■ What needs to be done: Starting from the line containing "ABC CorelDRAW X7 PL", write out the rest of the entries exactly, through the final line, including nothing else.
(Task input begins)
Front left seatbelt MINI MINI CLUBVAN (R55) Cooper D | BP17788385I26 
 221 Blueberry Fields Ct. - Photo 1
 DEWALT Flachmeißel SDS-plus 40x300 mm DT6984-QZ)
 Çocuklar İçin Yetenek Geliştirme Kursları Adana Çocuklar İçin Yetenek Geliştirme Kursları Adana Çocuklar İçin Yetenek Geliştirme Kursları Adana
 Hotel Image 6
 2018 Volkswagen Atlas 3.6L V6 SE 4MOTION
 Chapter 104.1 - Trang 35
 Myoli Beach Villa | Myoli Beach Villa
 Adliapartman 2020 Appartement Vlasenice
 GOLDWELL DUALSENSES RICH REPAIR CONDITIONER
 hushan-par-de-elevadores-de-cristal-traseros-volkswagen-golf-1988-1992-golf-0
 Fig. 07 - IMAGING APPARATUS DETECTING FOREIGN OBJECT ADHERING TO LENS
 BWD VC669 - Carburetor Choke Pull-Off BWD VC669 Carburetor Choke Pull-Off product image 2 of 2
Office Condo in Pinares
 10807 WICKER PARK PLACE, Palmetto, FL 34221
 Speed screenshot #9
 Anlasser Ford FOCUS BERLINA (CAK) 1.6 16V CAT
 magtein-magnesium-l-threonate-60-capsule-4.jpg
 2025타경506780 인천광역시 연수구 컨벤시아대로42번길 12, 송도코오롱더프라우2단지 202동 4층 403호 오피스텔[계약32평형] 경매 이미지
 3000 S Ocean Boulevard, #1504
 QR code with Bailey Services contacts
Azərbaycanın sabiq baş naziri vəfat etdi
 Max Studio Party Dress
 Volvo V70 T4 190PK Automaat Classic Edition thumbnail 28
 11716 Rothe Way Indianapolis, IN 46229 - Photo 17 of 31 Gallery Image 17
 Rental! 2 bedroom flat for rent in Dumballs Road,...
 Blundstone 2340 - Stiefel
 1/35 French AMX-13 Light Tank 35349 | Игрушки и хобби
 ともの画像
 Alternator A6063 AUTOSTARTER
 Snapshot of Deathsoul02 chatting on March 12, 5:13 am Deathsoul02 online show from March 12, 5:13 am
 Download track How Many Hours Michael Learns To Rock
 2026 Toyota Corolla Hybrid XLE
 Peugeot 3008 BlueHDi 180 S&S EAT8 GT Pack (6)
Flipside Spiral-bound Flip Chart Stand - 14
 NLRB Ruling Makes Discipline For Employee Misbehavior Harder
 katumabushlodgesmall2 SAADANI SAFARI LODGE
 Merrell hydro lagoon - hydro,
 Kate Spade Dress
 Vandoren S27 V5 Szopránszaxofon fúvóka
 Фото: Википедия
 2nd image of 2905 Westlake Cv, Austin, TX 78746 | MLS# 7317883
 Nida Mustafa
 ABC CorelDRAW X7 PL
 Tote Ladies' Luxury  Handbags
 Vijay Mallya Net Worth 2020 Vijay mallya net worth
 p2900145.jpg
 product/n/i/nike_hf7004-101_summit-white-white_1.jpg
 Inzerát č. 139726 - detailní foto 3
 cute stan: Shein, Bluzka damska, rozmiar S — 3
(Task input ends)
■ Completed exercise:
 ABC CorelDRAW X7 PL
 Tote Ladies' Luxury  Handbags
 Vijay Mallya Net Worth 2020 Vijay mallya net worth
 p2900145.jpg
 product/n/i/nike_hf7004-101_summit-white-white_1.jpg
 Inzerát č. 139726 - detailní foto 3
 cute stan: Shein, Bluzka damska, rozmiar S — 3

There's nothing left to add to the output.